[Web page caption snippets]
* * * * *

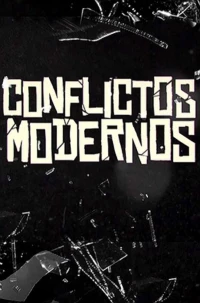 Постер фильма: Conflictos modernos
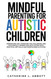 Mindful Parenting for Autistic Children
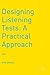 Designing Listening Tests by Rita Green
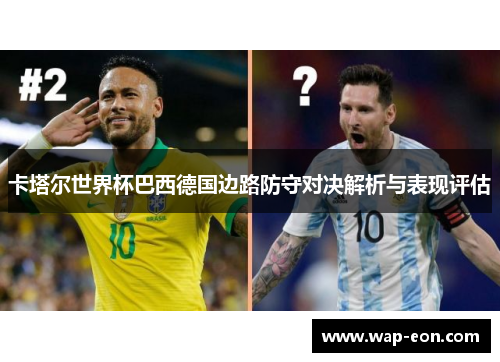卡塔尔世界杯巴西德国边路防守对决解析与表现评估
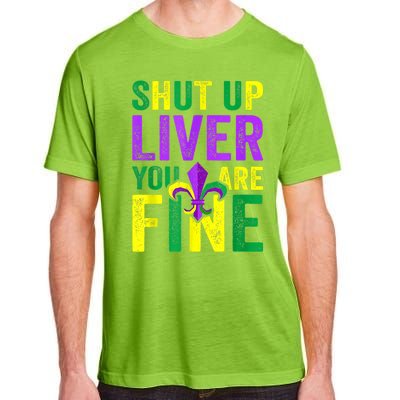 Funny Mardi Gras Parade Outfit Shut Up Liver Youre Fine Gift Adult ChromaSoft Performance T-Shirt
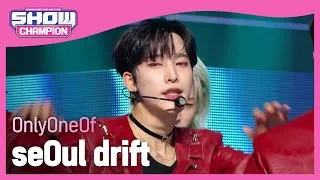 [COMEBACK] OnlyOneOf - seOul drift (온리원오브 - 서울 드리프트) l Show Champion l EP.466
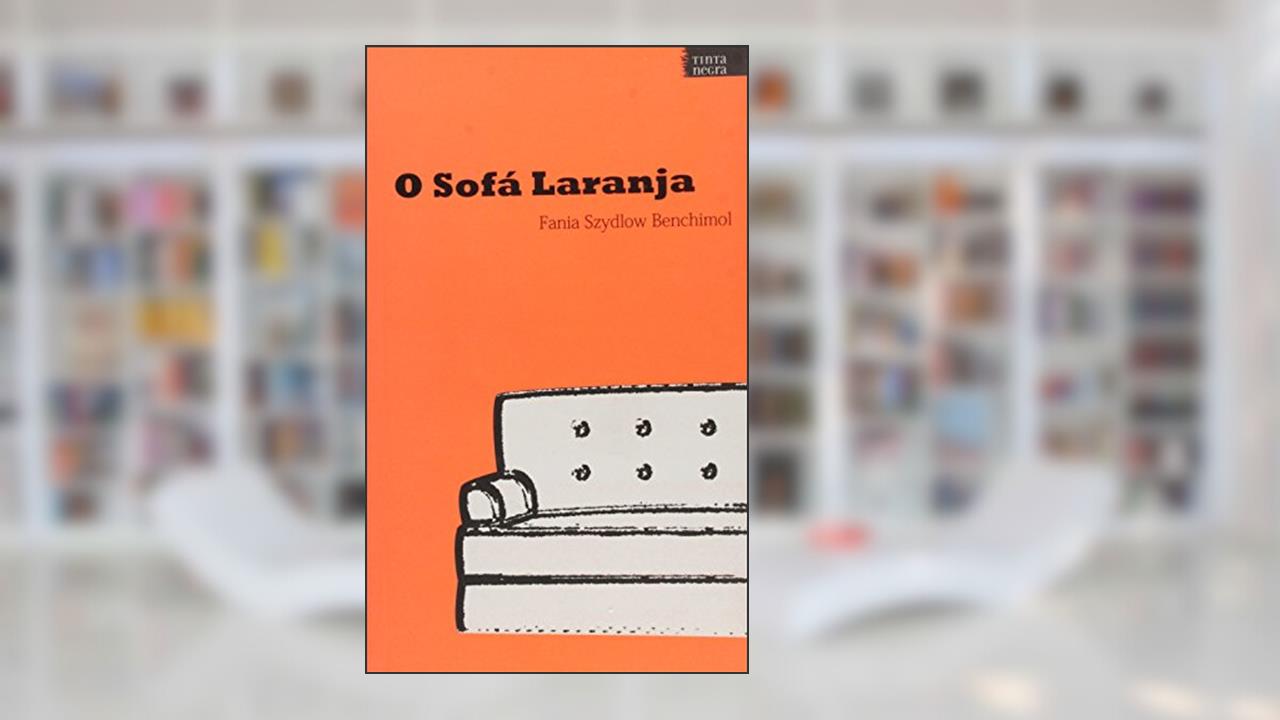 Capa de O Sofá Laranja, do autor Fania Szydlow Benchimol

* * * * *

Problem requirements
Please retype the whole of the data precisely, omitting pictures.

Written response
 Постер фильма: Conflictos modernos
 Mindful Parenting for Autistic Children
 Designing Listening Tests by Rita Green
卡塔尔世界杯巴西德国边路防守对决解析与表现评估
 Funny Mardi Gras Parade Outfit Shut Up Liver Youre Fine Gift Adult ChromaSoft Performance T-Shirt
 [COMEBACK] OnlyOneOf - seOul drift (온리원오브 - 서울 드리프트) l Show Champion l EP.466
 Capa de O Sofá Laranja, do autor Fania Szydlow Benchimol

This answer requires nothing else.